I had a dream, which was not all a dream.
The bright sun was extinguish’d, and the stars
Did wander darkling in the eternal space,
Rayless, and pathless, and the icy earth
Swung blind and blackening in the moonless air;
Morn came and went — and came, and brought no day,
And men forgot their passions in the dread
Of this their desolation; and all hearts
Were chill’d into a selfish prayer for light:
And they did live by watchfires — and the thrones,
The palaces of crownded kings — the huts,
The habitations of all things which dwell,
Were burnt for beacons; cities were consumed,
And men were gather’d round their blazing homes
To look once more into each other’s face;
Happy were those who dwelt within the eye
Of the volcanos, and their mountain-torch:
A fearful hope was all the world contain’d;
Forests were set on fire — but hour by hour
They fell and faded — and the crackling trunks
Extinguish’d with a crash — and all was black.
The brows of men by the despairing light
Wore an unearthly aspect, as by fits
The flashes fell upon them; some lay down
And hid their eyes and wept; and some did rest
Their chins upon their clenched hands, and smiled;
And others hurried to and fro, and fed
Their funeral piles with fuel, and look’d up
With mad disquietude on the dull sky,
The pall of a past world; and then again
With curses cast them down upon the dust,
And gansh’d their teeth and howl’d: the wild birds shriek’d
And, terrified, did flutter on the ground,
And flap their useless wings; the wildest brutes
Came tame and tremulous; and vipers crawl’d
And twined themselves among the multitude,
Hissing, but stingless — they were slain for food
And War, which for a moment was no more,
Did glut himself again: — a meal was bought
With blood, and each sate sullenly apart
Gorging himself in gloom: no love was left;
All earth was but one thought — and that was death
Immediate and inglorious; and the pang
Of famine fed upon all entrails — men
Died, and their bones were tombless as their flesh;
The meagre by the meagre were devour’d,
Even dogs assail’d their masters, all save one,
And he was faithful to a corse, and kept
The birds and beast and famish’d men at bay,
Till hunger clung them, or the dropping dead
Lured their lank jaws; himself sought out no food,
But with a piteous and perpetual moan,
And a quick desolate cry, licking the hand
Which answer’d not a caress — he died.
The crowd was famish’d by degrees; but two
Of an enormous city did survive,
And they were enemies: they met beside
The dying embers of an altar-place
Where had been heap’d a mass of holy things
For an unholy usage; they raked up,
And shivering scraped with their cold skeleton hands
The feeble ashes, and their feeble breath
Blew for a little life, and made a flame
Which was a mockery; then they lifted up
Their eyes as it grew lighter, and beheld
Each others aspects — saw, and shriek’d, and died —
Even of their mutual hideousness they died,
Unknowing who he was upon whose brow
Famine had written Fiend.
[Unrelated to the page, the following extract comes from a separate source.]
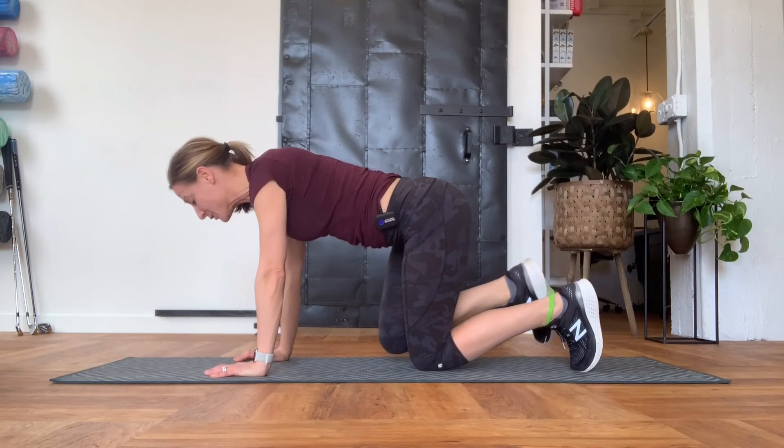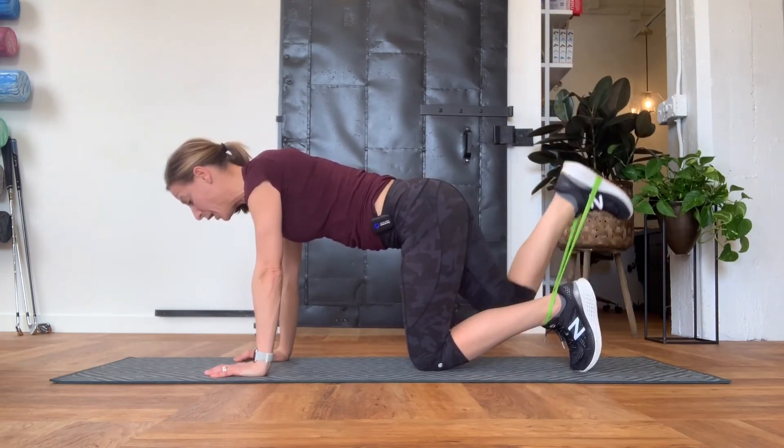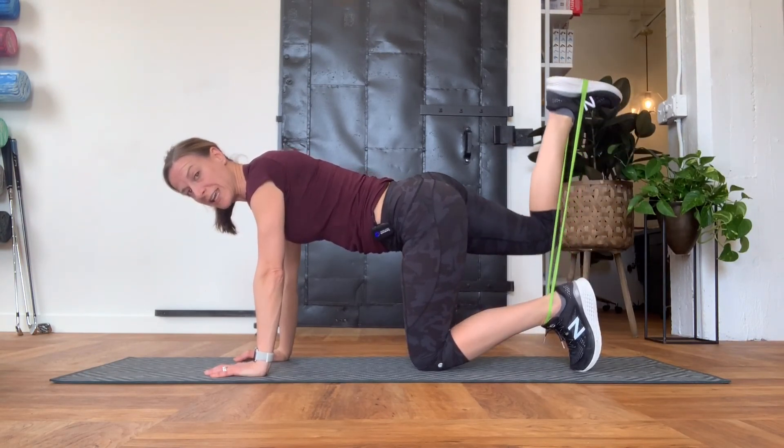The height doesn't matter — it's really about what you're activating. I'm thinking about tightening up my right butt and upper thigh as I kick back.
The world was void,
The populous and the powerful was a lump
Seasonless, herbless, treeless, manless, lifeless,
A lump of death — a chaos of hard clay.
The rivers, lakes, and oceans all stood still,
And nothing stirr’d within their silent depths;
Ships sailorless lay rotting on the sea,
And their masts fell down piecemeal: as they dropp’d
They slept on the abyss without a surge —
The waves were dead; the tides were in their grave,
The moon, their mistress, had expired before;
The winds were wither’d in the stagnant air,
And the clouds perish’d; Darkness had no need
Of air from them — She was the Universe.